In this regard, watermarking is not only a smart step for protecting your copyright, but also a branding strategy for getting your name out there. If your images are moving around, they might as well act as advertising agents for your work, right?
But how do you apply watermarks to your images without ruining the aesthetics? Here are a couple of tips to help you watermark with style.
Quick Guide for Creating Clever Watermarks
- Start with the copyright symbol. © is how you show you mean business.
- A watermark that covers the entire image may deter web users from stealing your pics, but it will also spoil the fun for anyone who harmlessly tries to view images on your website or your social channels. A subtle watermark on the top, bottom or corners of the image is much more pleasant on the eye.

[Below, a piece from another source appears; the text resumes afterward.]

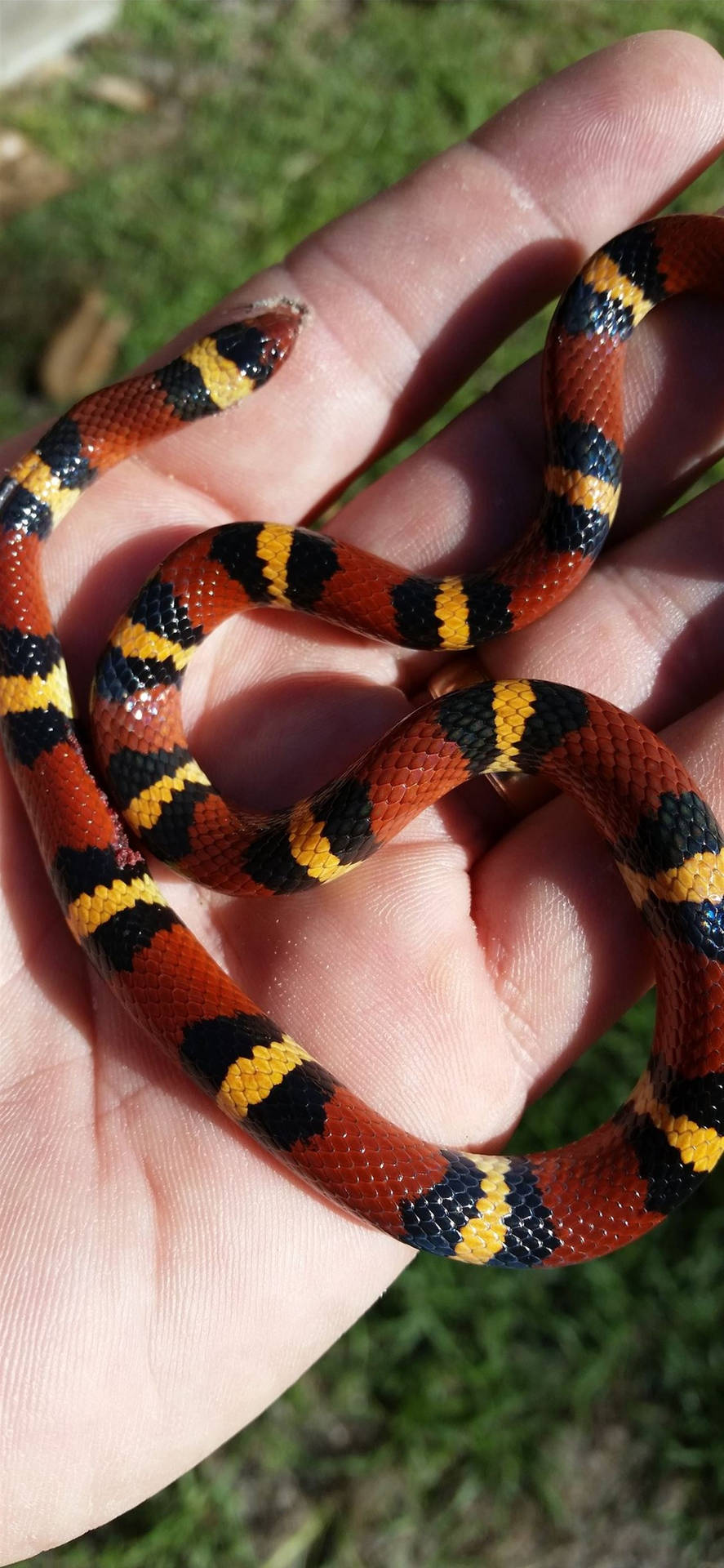 Baby Coral Snake-like Scarlet Kingsnake Background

- While we completely stand behind advice no. 3, it’s also important to emphasize that the watermark should not blend seamlessly with the image so that it becomes practically invisible. Don’t forget the initial purpose of preventing copyright infringement! A watermark is useless if no one notices it.
- If you’re using a textual watermark, make sure it doesn’t extend beyond one line. Your full name or your brand name with a short description of your work will do (something along the lines of “Dream Day Photography” or “John Doe 3D Art”). Alternatively, you can also use the address of your website.
- You can also go for a visual watermark that displays your official logo. In this case it is nevertheless important to add a short text that clearly identifies you or your brand as the owner of the work.
- Not all of your images have the same color palette or dimensions, so your watermark should be adjustable to a variety of shades and layouts. It’s a good idea to prepare at least two colors (one to match light photos and one to match dark ones) and at least two styles (one “corner” watermark and one “strip” watermark). And in any case, make sure you save a version of the watermark that can be modified and customized.
- If you use a software to mass-watermark a large number of images (which is doable with Photoshop and other non-free photo editing tools), don’t forget to review the images and make sure that they all look decent. You don’t want a watermark right on someone’s face, do you?